## Problem statement
The task calls for the lines below from the line with "Mesa De Centro" to the line with "Superdry Superdry Premium", both ends included, copied exactly, without any pictures.

## Input for this task

Content starts

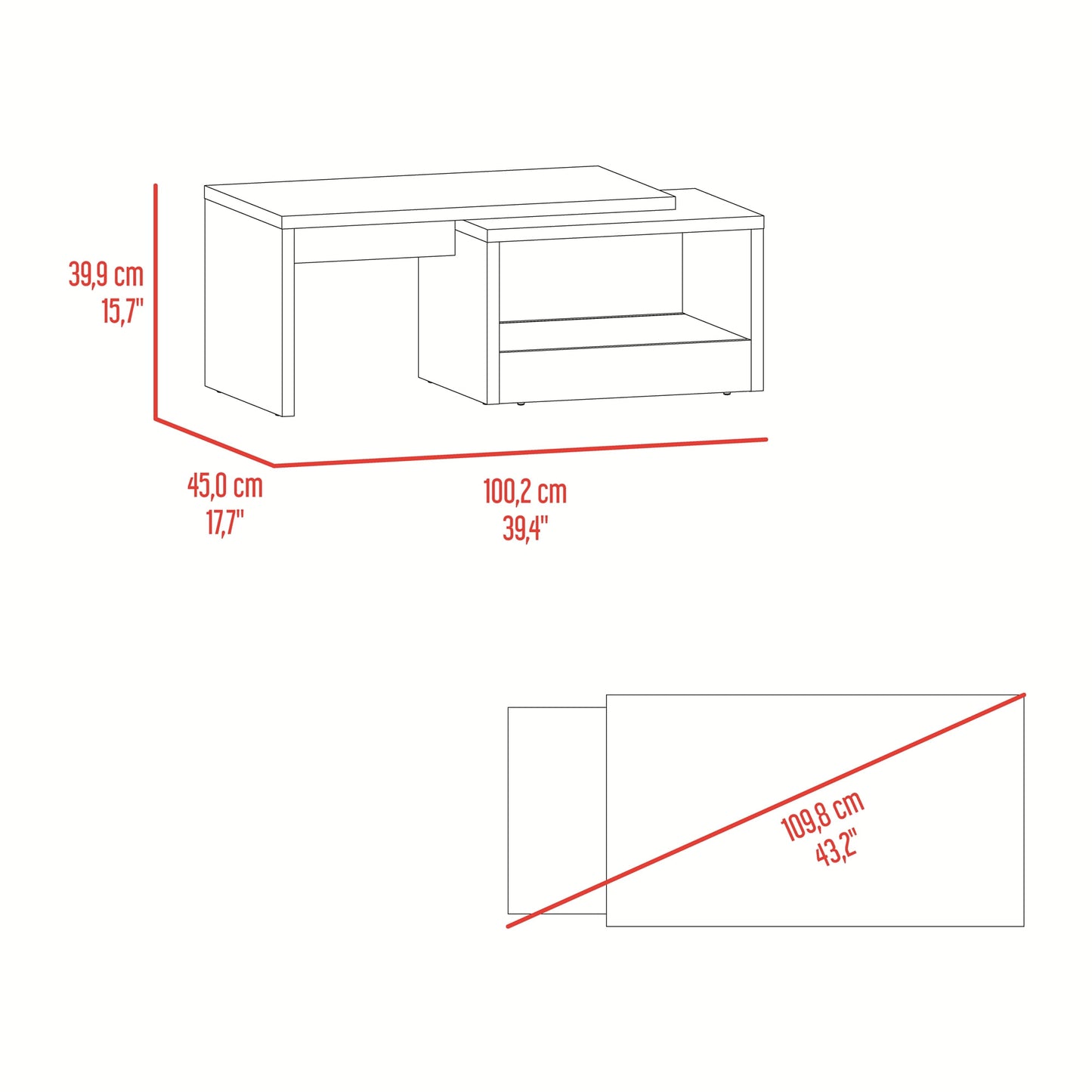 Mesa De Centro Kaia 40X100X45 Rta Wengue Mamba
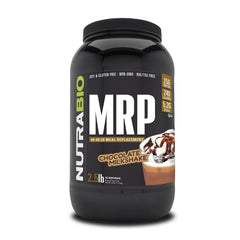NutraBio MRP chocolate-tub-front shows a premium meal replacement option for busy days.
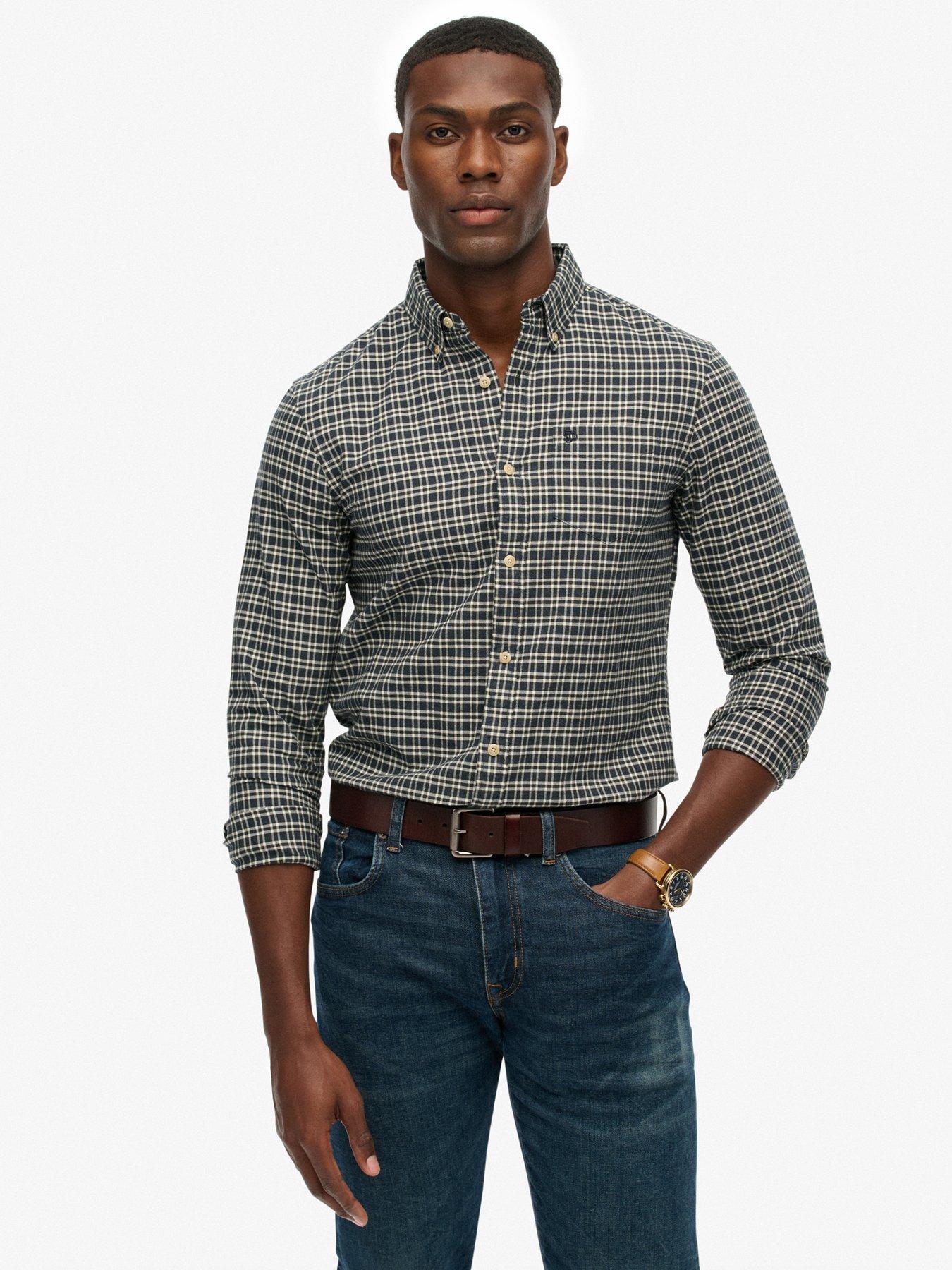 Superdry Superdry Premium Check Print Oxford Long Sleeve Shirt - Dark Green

Content ends
Content starts

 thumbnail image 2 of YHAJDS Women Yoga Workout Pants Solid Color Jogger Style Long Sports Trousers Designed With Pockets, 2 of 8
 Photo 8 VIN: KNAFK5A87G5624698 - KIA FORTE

Content ends
Content starts

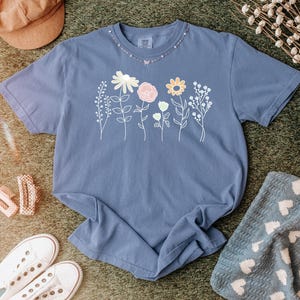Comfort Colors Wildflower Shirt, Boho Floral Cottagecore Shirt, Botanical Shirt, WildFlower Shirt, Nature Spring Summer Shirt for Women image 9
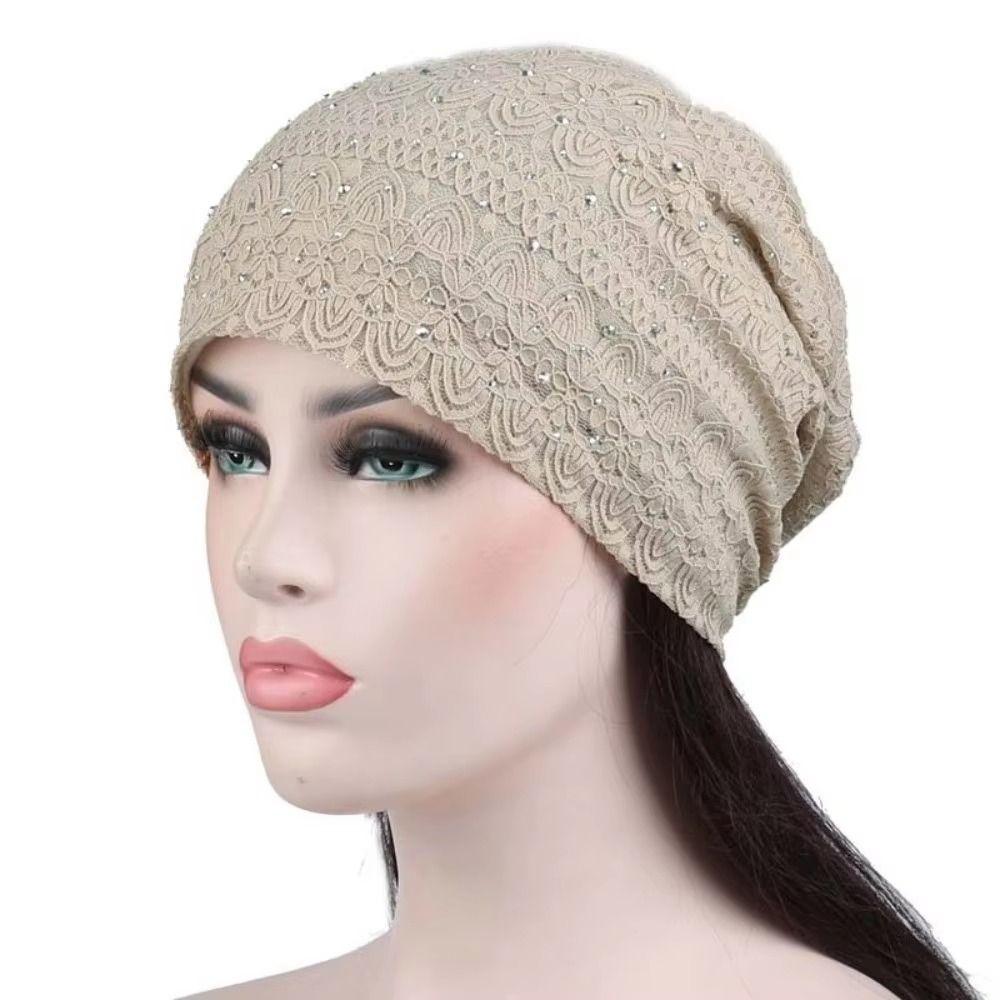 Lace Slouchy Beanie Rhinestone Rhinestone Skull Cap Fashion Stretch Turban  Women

Content ends

## Task response
 Mesa De Centro Kaia 40X100X45 Rta Wengue Mamba
NutraBio MRP chocolate-tub-front shows a premium meal replacement option for busy days.
 Superdry Superdry Premium Check Print Oxford Long Sleeve Shirt - Dark Green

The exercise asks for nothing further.